Was haben Sie weiter unternommen, um die Herde vor dem Hochwasser zu schützen?
Auf die Weide zu kommen wurde immer schwieriger, das Wassers lief sehr schnell hoch auf. Am Dienstag, den 4. Juli, konnten wir schon nicht mehr auf dem Landweg zu den Tieren gelangen. Natürlich haben wir trotzdem weiter versucht, zu evakuieren. Am Dienstag sind wir mit einem Fischerkahn, vielen Kollegen und der Unterstützung durch den Landeskontrollverband der Rinderzucht Sachsen-Anhalts über die Elbe übergesetzt. Wir haben eine Gasse errichtet, um die Tiere über einen Leitdeich in Sicherheit zu treiben, was der Landeshochwasserbetrieb einmalig auch genehmigt hatte. Anfangs schien das gut zu klappen, doch die Tiere brachen dann seitlich aus. Leider hat es nicht funktioniert, die Tiere danach noch einmal zu locken und zu drücken, dies auch am darauffolgenden Mittwoch nicht. Auch diese leider fehlgeschlagenen Versuche haben wir gemeldet. Gleichzeitig baten wir darum, mit Kollegen auch in den nächsten Tagen mit einem Fischerkahn zum Brack übersetzen zu können.

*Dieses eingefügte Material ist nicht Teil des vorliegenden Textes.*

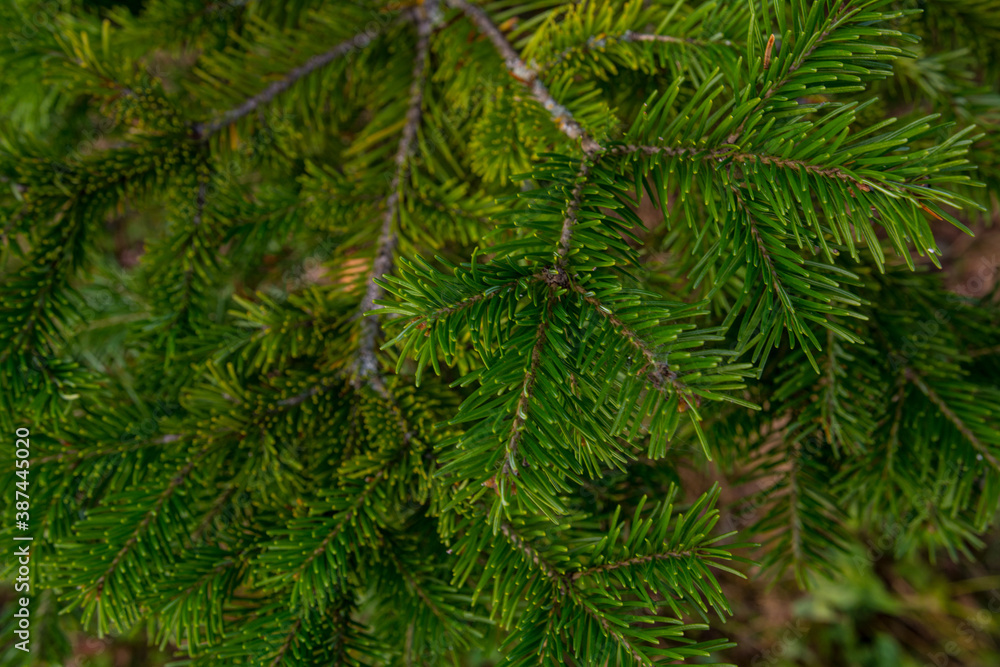 A branch of green fir tree close-up.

Warum mussten Sie die Evakuierung beenden?
Ab Mittwochabend untersagten der Katastrophenstab des Landkreises und das Wasserschifffahrtsamt sowohl die Zufahrt über den Wasserweg und auch über den Landweg, also über die Deiche und das Deichvorland. Ab diesem Zeitpunkt gab es für uns keine Möglichkeiten mehr auf die Weide zu gelangen, alle Wege waren versperrt und den Anweisungen des Katastrophenstabs mussten wir Folge leisten. Dadurch spitzte sich die Lage erheblich zu. Am Donnerstag, den 6. Juni, wiesen wir den Katastrophenstab darauf hin und schlugen zwei konkrete Lösungen vor: Entweder wir hätten versucht, die Tiere über den gesperrten Deich in einen nahen Polder zu treiben und die Tiere abzutransportieren. Alternativ schlugen wir dem Katastrophenstab vor, einen Fährpramen oder eine Motorfähre zu ordern, um die Tiere einzufangen und abzutransportieren. Wir baten den Katastrophenstab außerdem, sich dazu mit uns abzustimmen. Doch leider blieb eine Antwort mit einer Entscheidung zu unseren Vorschlägen aus – und so kamen wir über die nächsten Tage einfach nicht mehr an die Tiere heran.
Welche speziellen Probleme gibt es bei der Evakuierung von Koniks und Taurus-Rindern?
Bei den Rassen Konik und Taurus-Rinder handelt es sich nicht um gewöhnliche Milchkühe oder Hauspferde. Taurus-Rinder sind eine Abbildzüchtung des europäischen Wildrindes, des Auerochsen. Koniks sind die Abbildzüchtung des europäischen Wildpferdes, des Tarpans. Sowohl Koniks als auch die Rinder sind sehr robust und den Anforderungen an ein selbstbestimmtes Leben bestens gewachsen. Sie lassen sich jedoch nicht einfach zusammentreiben, wie es bei einer Herde Milchkühe möglich ist. Außerdem sind sie nur auf wenige Personen fixiert, an die sie optisch und stimmlich gewöhnt sind und von denen sie sich am ehesten anlocken lassen. Hinzu kommt, dass die Tiere große und stark bewachsene Flächen beweiden, die sie als ihr Territorium betrachten. Hätten wir die Tiere zum Beispiel betäubt, hätte das Risiko bestanden, dass sie in Panik in den Büschen verschwunden wären und wir sie nicht hätten bergen können. Einzeltiere lassen sich sehr aufwändig betäuben, diese Methode wird von unserem Tierarzt für die vorgeschriebene Ohrmarkierung der Kälber regelmäßig angewendet. Eine komplette Herde kann man auf diese Weise allerdings nicht evakuieren.